*TASK ITEM*.
Your task is to copy the listing exactly. Drop any pictures from the copy.

*RECORDS TO PROCESS*.
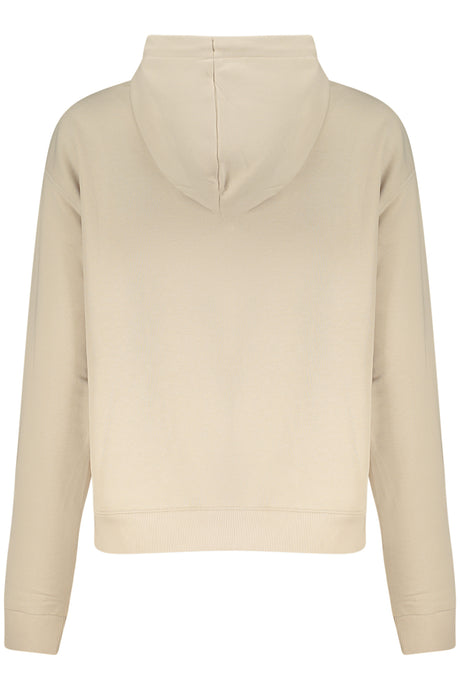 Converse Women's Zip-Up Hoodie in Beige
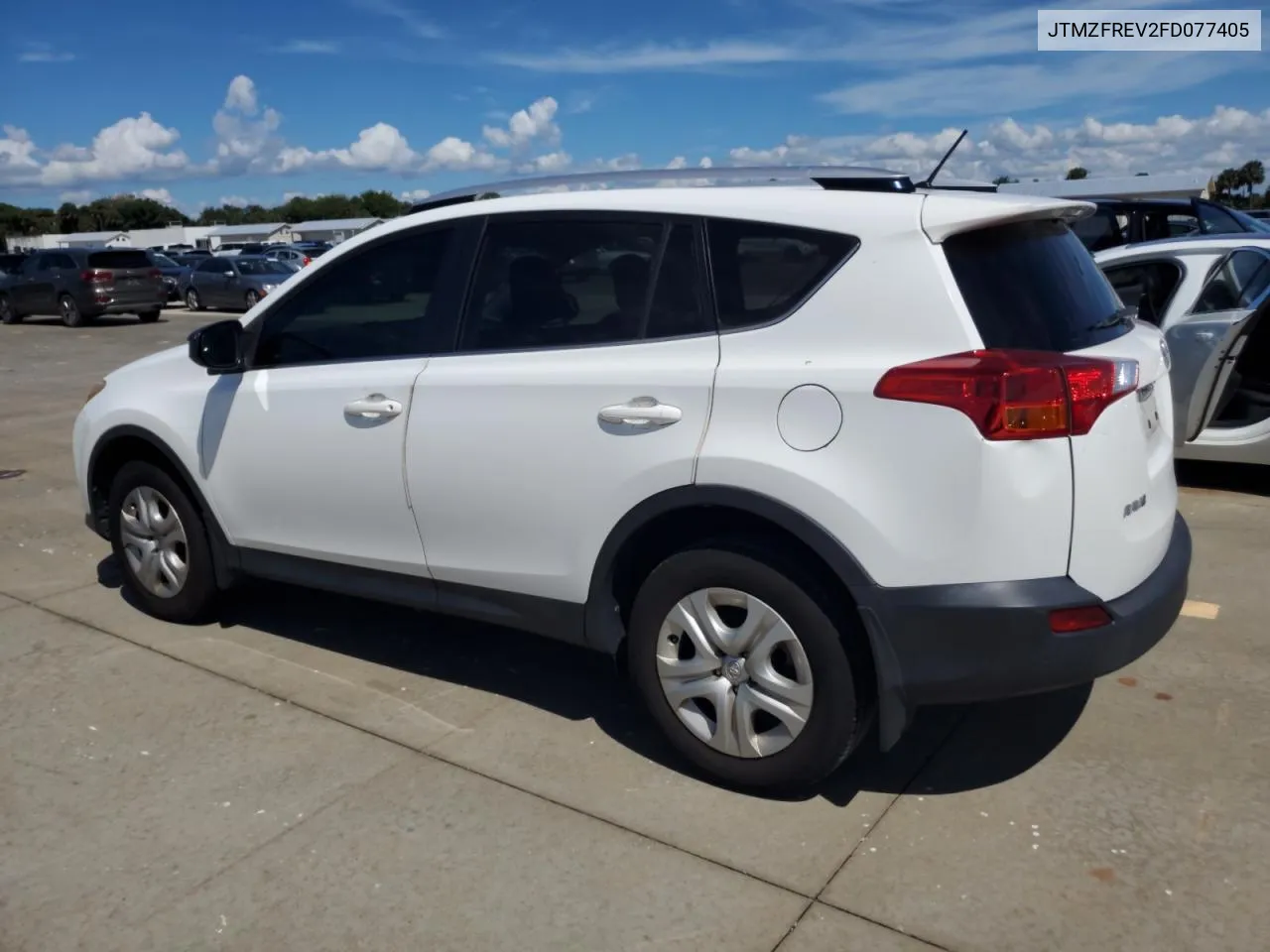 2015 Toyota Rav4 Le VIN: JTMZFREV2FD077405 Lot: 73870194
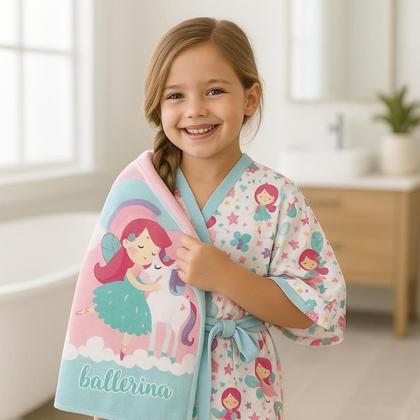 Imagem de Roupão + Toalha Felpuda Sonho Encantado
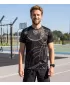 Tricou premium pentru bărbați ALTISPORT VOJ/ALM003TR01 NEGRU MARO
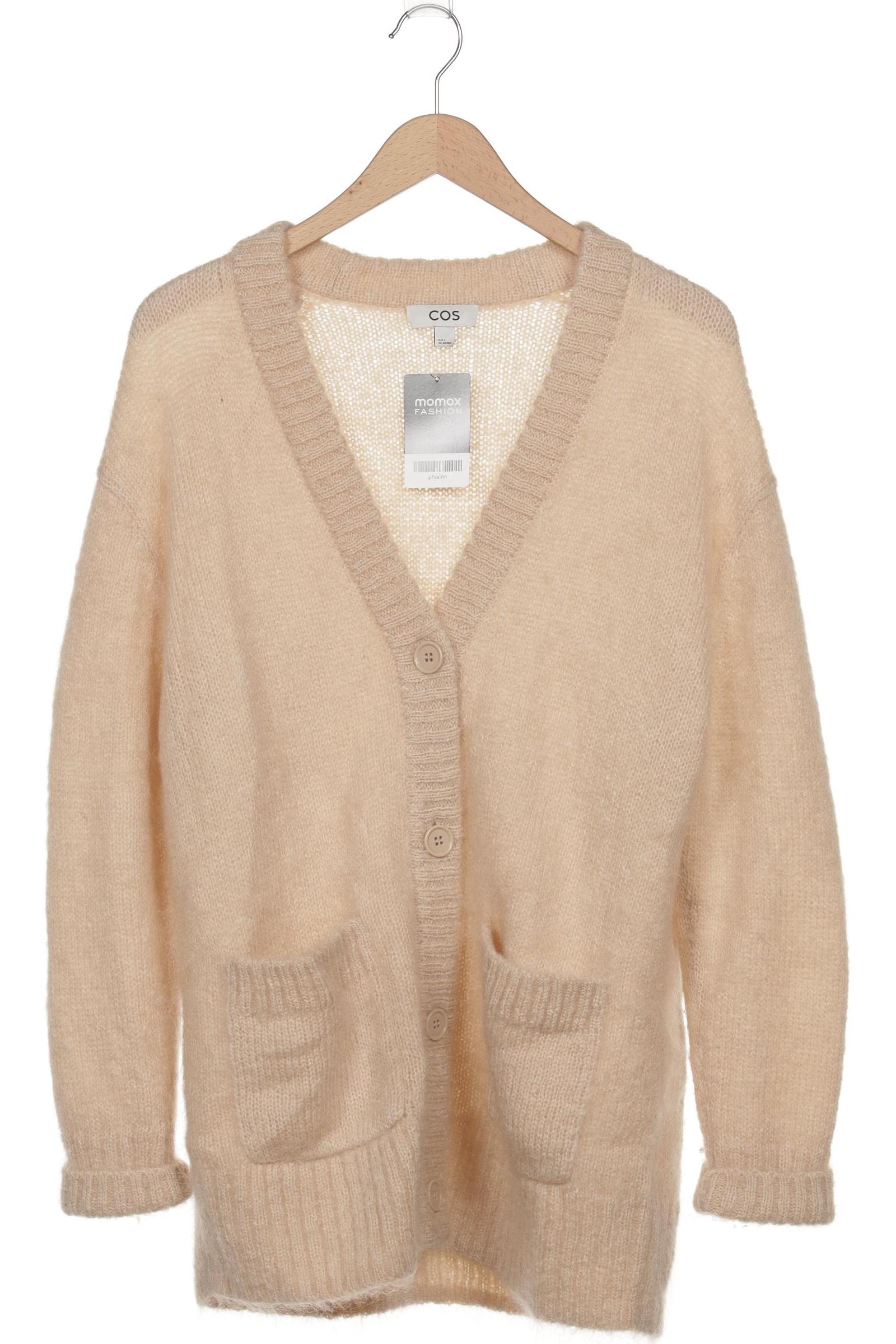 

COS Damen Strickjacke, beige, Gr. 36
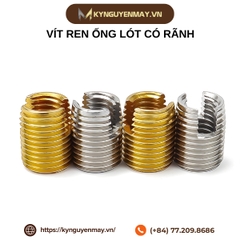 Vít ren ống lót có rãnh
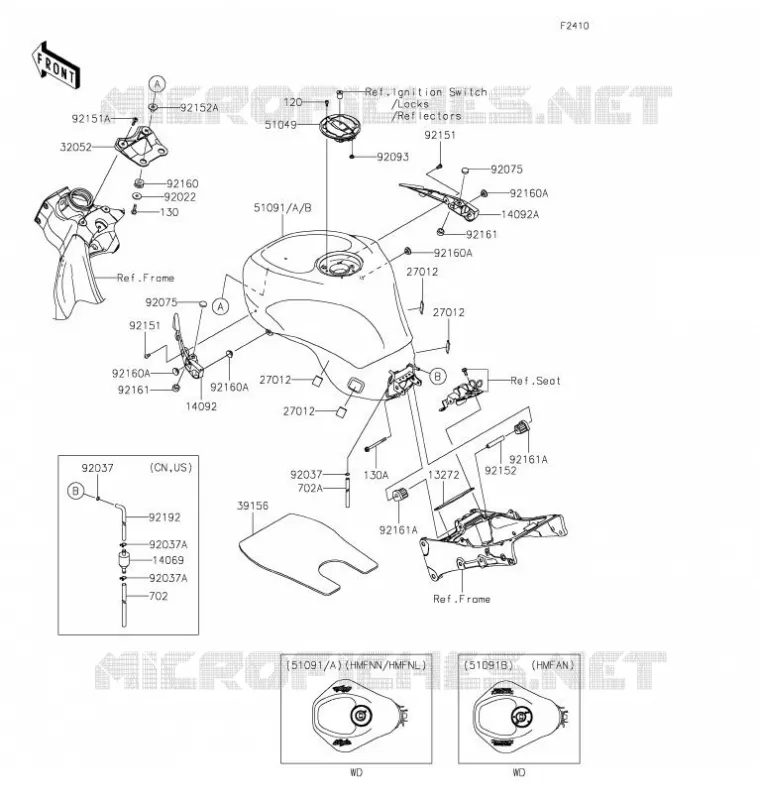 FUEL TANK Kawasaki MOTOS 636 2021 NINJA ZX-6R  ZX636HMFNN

*SOLUTION FOR THIS PROBLEM*.
 Converse Women's Zip-Up Hoodie in Beige
 2015 Toyota Rav4 Le VIN: JTMZFREV2FD077405 Lot: 73870194
 Imagem de Roupão + Toalha Felpuda Sonho Encantado
 Tricou premium pentru bărbați ALTISPORT VOJ/ALM003TR01 NEGRU MARO

COS Damen Strickjacke, beige, Gr. 36
 Vít ren ống lót có rãnh
 FUEL TANK Kawasaki MOTOS 636 2021 NINJA ZX-6R  ZX636HMFNN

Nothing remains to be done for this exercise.